Zavorskas Joseph, Edwards Harley, Marten Mark R, Harris Steven, Srivastava Ranjan
Department of Chemical and Biomolecular Engineering, University of Connecticut, Storrs, Connecticut 06269, United States.
Department of Chemical, Biochemical, and Environmental Engineering, University of Maryland, Baltimore County, Baltimore, Maryland 21250, United States.
ACS Omega. 2024 Sep 30;9(40):41208-41216. doi: 10.1021/acsomega.4c01704. eCollection 2024 Oct 8.
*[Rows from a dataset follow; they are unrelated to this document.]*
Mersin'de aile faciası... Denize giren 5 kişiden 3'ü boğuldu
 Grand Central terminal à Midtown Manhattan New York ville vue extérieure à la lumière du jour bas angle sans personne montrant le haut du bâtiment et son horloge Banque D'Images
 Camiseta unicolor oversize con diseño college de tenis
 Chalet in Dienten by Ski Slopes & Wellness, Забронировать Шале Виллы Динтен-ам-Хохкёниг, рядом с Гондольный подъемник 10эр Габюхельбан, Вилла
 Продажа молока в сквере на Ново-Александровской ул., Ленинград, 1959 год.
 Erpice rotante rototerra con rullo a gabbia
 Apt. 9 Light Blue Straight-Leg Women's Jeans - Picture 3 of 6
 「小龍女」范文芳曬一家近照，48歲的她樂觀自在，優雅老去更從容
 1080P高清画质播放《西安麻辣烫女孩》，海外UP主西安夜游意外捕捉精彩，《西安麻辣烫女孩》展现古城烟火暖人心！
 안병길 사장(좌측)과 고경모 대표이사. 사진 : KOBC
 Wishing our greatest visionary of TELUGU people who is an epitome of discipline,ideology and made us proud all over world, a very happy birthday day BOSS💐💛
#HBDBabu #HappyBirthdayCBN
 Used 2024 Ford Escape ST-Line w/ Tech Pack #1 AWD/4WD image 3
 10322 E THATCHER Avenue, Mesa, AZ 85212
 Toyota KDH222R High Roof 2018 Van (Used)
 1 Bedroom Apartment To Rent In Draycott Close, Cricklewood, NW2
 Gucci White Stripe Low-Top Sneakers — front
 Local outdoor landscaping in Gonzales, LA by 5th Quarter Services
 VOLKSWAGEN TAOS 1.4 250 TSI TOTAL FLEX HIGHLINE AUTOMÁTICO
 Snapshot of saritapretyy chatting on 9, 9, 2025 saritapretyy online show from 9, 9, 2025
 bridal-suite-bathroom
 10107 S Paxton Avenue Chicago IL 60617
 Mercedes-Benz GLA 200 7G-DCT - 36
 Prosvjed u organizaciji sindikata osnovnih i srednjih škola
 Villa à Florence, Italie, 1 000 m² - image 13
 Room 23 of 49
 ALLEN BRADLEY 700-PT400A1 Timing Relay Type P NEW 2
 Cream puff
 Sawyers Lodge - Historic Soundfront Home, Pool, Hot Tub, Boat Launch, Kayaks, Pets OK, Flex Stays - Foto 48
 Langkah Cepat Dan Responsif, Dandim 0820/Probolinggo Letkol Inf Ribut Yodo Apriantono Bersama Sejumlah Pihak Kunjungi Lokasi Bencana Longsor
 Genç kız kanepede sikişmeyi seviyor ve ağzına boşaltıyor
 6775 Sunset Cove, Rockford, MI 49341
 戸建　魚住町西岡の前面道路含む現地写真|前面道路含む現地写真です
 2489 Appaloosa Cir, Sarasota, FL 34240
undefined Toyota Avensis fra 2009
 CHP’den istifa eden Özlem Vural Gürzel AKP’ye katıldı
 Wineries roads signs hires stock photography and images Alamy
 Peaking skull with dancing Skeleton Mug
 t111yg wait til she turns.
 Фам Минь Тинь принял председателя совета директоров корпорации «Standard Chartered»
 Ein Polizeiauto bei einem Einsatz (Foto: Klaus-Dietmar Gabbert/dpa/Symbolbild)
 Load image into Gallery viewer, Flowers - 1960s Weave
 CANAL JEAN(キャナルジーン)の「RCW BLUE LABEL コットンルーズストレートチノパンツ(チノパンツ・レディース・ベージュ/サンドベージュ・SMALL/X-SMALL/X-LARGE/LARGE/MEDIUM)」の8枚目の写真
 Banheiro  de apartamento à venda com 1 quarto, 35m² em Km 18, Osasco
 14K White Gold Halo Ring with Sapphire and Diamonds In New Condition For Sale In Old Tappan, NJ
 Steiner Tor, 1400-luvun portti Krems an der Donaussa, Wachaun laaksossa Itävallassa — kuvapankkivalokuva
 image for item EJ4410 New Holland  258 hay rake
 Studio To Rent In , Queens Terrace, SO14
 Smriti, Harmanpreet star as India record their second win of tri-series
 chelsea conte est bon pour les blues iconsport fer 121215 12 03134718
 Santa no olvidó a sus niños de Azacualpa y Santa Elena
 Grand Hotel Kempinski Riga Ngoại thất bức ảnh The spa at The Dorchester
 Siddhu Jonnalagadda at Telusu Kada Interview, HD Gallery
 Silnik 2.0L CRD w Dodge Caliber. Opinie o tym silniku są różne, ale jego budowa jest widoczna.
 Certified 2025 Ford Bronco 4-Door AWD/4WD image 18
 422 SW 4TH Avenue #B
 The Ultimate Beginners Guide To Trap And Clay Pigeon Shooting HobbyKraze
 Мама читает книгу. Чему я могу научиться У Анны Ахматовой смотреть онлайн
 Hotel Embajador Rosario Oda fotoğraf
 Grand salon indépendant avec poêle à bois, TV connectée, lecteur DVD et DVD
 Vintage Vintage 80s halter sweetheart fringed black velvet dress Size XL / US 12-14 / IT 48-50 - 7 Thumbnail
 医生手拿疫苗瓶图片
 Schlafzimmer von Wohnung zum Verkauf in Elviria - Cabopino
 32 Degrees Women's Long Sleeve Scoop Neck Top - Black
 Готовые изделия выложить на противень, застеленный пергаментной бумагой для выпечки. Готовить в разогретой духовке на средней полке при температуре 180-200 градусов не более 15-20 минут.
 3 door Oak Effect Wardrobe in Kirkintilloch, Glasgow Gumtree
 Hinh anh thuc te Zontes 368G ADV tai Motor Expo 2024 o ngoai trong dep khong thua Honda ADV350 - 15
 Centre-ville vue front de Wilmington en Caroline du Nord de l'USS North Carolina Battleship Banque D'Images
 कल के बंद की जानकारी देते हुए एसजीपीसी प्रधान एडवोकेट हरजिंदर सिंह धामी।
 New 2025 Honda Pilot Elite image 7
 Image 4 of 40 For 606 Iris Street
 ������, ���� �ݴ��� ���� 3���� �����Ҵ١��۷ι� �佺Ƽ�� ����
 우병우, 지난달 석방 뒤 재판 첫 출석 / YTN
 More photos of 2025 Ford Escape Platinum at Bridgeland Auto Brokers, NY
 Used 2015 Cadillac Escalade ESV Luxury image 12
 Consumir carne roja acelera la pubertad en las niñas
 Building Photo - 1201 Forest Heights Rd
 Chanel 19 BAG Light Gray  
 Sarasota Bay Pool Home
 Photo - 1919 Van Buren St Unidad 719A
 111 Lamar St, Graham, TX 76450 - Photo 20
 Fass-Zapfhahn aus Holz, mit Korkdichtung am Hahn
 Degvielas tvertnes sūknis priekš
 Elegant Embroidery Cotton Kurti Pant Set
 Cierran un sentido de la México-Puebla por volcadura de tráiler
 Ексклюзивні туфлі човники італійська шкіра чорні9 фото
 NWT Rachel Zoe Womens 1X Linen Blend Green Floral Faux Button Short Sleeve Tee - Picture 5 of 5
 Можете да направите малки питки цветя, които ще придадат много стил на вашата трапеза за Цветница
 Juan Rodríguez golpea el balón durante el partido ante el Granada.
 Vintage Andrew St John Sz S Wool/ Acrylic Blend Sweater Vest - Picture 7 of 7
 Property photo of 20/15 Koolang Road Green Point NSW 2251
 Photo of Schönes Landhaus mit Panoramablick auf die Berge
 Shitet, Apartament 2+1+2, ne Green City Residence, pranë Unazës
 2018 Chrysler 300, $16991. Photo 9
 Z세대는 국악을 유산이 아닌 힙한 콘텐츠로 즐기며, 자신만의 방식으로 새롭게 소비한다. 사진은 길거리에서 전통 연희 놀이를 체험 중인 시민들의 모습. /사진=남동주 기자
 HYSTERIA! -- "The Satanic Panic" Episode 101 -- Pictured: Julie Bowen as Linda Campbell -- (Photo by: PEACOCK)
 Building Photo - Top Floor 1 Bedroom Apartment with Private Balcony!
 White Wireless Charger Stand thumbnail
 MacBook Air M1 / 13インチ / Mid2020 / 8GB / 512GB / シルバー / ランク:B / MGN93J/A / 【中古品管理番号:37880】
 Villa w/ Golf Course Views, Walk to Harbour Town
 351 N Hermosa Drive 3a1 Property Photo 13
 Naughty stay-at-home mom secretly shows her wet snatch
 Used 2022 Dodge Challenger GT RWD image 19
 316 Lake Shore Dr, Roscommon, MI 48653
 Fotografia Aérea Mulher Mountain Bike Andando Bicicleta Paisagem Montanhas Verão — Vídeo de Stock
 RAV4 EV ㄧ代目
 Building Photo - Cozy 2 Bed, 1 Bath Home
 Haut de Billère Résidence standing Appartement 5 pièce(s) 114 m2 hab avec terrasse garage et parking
We present an application of computational inverse design, which reverses the conventional trial-and-error forward design paradigm, optimizes biological phenotype by directly modifying genotype. The limitations of inverse design in genotype-to-bulk phenotype (G-BP) mapping can be addressed via an established design paradigm: "design, build, test, learn" (DBTL), where computational inverse design automates both the design and learn phases. In any context, inverse design is limited by the fundamental "one-to-many" nature of the inverse function. G-BP inverse design is further limited by the number of single nucleotide polymorphisms that can be made to a member of the population while maintaining feasibility of genotype creation and biological viability. Considering these limitations, we propose a design paradigm based on incremental optimization of phenotype through a combined computational and experimental approach. We intend this work to be a foundational synthesis of well-known techniques applied to the context of genotype-to-bulk phenotype inverse design, which has not yet been performed in the literature. The design pipeline can optimize phenotype by either directly proposing genotypic changes, or simply by suggesting parents to be used for selective breeding. The soybean nested association matrix data set is used to present an in silico case study of the design pipeline by performing optimization that maximizes protein content while constraining other phenotypes. A random forest (RF) is used to model the genotype-to-phenotype relationship, and a genetic algorithm is used to query the RF until a feasible genotype with desired phenotype is discovered. After 20 in silico DBTL cycles, a final population of individuals with a mean protein content of 36.13%, an increase of three standard deviations above the original mean is suggested.
我们展示了一种计算逆向设计的应用,它颠覆了传统的试错式正向设计范式,通过直接修改基因型来优化生物表型。逆向设计在基因型到整体表型(G-BP)映射中的局限性可以通过一种既定的设计范式来解决:“设计、构建、测试、学习”(DBTL),其中计算逆向设计使设计和学习阶段都实现了自动化。在任何情况下,逆向设计都受到反函数基本的“一对多”性质的限制。G-BP逆向设计还受到可对群体中的个体进行的单核苷酸多态性数量的限制,同时要保持基因型创建的可行性和生物活力。考虑到这些局限性,我们提出了一种基于通过计算和实验相结合的方法对表型进行增量优化的设计范式。我们希望这项工作能成为将知名技术应用于基因型到整体表型逆向设计背景下的基础综合,而这在文献中尚未有过。该设计流程可以通过直接提出基因型变化,或者仅仅通过建议用于选择性育种的亲本,来优化表型。大豆嵌套关联矩阵数据集被用于通过执行优化来呈现设计流程的计算机模拟案例研究,该优化在限制其他表型的同时最大化蛋白质含量。随机森林(RF)用于对基因型到表型的关系进行建模,遗传算法用于查询RF,直到发现具有所需表型的可行基因型。经过20个计算机模拟的DBTL循环后,建议最终群体的个体平均蛋白质含量为36.13%,比原始平均值高出三个标准差。